- Exercise brief
Look below for the line containing "Pulsera de cinabrio". Output it and each remaining line of the entries exactly, and nothing else.

*** Material provided Section Begins ***

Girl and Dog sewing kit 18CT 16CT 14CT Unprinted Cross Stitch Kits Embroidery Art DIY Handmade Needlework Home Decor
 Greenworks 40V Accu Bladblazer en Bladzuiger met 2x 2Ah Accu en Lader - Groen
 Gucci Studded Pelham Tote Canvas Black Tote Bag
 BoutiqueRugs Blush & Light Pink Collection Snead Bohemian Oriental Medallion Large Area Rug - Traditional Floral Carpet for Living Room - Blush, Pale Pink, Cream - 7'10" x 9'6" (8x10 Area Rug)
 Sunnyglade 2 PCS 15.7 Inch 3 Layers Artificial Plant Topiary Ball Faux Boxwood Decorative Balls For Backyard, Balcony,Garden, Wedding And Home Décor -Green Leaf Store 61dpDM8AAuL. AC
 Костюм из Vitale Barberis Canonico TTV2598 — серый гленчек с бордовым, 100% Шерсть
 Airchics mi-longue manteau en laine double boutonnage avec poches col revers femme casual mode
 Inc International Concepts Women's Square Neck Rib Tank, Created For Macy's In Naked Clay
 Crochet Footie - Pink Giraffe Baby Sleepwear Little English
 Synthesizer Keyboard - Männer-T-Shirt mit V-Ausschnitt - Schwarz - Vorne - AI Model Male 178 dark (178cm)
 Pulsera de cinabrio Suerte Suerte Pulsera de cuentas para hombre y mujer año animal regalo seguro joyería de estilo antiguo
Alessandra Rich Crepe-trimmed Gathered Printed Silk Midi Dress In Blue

*** Material provided Section Ends ***

- Result of the task
 Pulsera de cinabrio Suerte Suerte Pulsera de cuentas para hombre y mujer año animal regalo seguro joyería de estilo antiguo
Alessandra Rich Crepe-trimmed Gathered Printed Silk Midi Dress In Blue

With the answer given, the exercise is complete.